Alumna Enables U.S. Army to Impact Food Production in Conflict Zones

Shannon Norris’s goal is to help others understand agriculture.

The current avenue: as a new professor at her alma mater, New Mexico State University College of Agricultural, Consumer and Environmental sciences. There, the 2010-11 Western Region vice president and two-time New Mexico state FFA officer (2007-09) is helping create an agricultural communications major.

“Communicators are integrators,” Norris says. “We put the puzzle pieces together for people. Having people specialized to communicate effectively and efficiently in a clear, concise, interesting and novel way is absolutely critical to our food and fiber production.

“Food unites us,” she says. “Everyone has to eat, and it’s such an important conversation to understand.”

Shannon Norris, third from left, with the 2010-11 national FFA officers.

Her role comes immediately following graduation from Texas A&M with a doctorate in agricultural leadership, education and communications and certificates in advanced research methods and homeland security. (She also has a bachelor’s degree in agricultural and Extension education from NMSU and a masters in agricultural communications from Oklahoma State.) For her dissertation, she developed a curricular framework to teach soldiers in the U.S. Army Special Operations Command (USASOC) how to assess agriculture systems in Middle Eastern conflict zones.

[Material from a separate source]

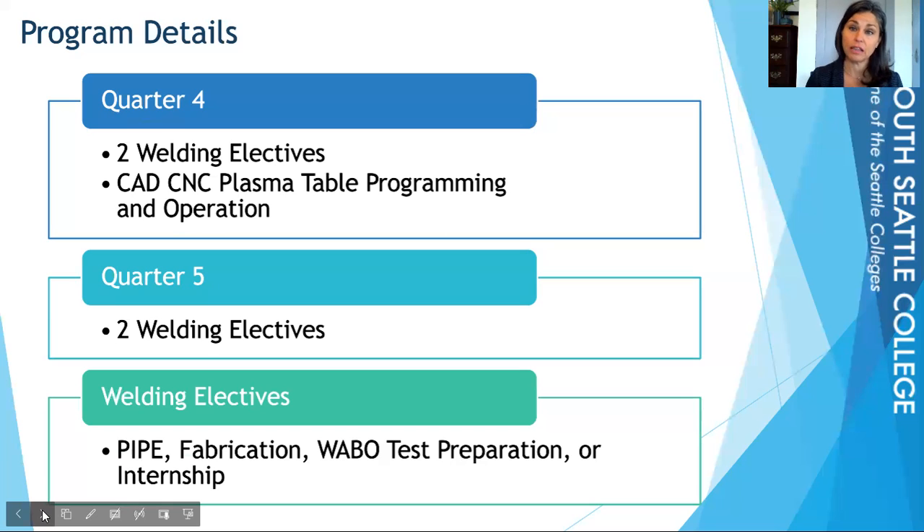Two electives in the fourth quarter and two again in the fifth quarter. The welding electives are going to be pipe fabrication, WABO test prep classes, or you could do an internship. This is really when you get to decide what you want to do as a career and hone in on the types of welds you want to work on. In the fourth quarter, there's also a required CAD/CNC plasma table class.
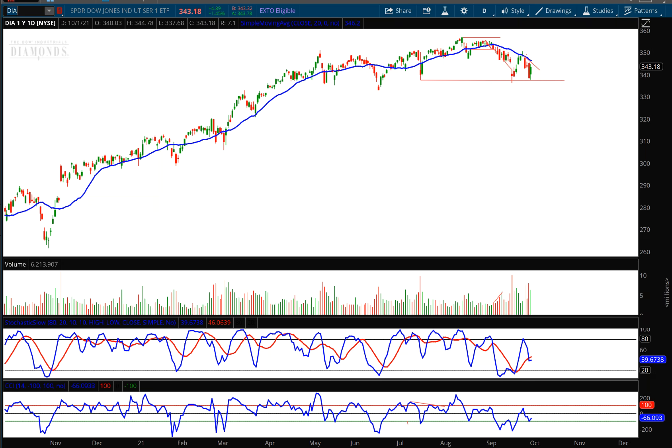Hello investors and traders, welcome to the weekly market report. I'm AJ Monty and this is a one-year daily candle chart of the Dow Jones Industrial Average ETF, ticker symbol DIA. I'm recording this from Las Vegas, Nevada where we're having our 2021 trading conference with Market Rebellion — an absolutely action-packed event with all kinds of speakers. Tony Dwyer is coming up next and then I'll be doing my final presentation of the day.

The goal: Help build sustainable food production in an area of the world struggling with food insecurity.

The idea grew from a pivotal trip to Haiti, in which she and other Texas A&M ag education students taught local farmers methods to help increase yields for their communities. “It was my first time seeing how people live in extreme poverty,” Norris says. “That particular experience reshaped where I was going.”

Norris chose to focus her research on areas of conflict due to their high inaccessibility, a key indicator of food insecurity. “If we want to impact the world in food production, we have to find places that are hard to reach,” she says, and if we want access, she believes we have to utilize the military.

The program is currently being released to the USASOC; while Norris’s future involvement is pending, her professional research will continue to support the U.S. Department of Defense.

As for the classroom, she’ll focus on empowering students the way FFA did for her. “This organization is a transformational springboard,” says Norris, who joined the Cliff FFA chapter in New Mexico as a seventh-grade Greenhand. “You put on the jacket and rise to your potential. Seeing what the community and involvement did for so many sparked my career — I look forward to the opportunity to connect people to what makes them them.”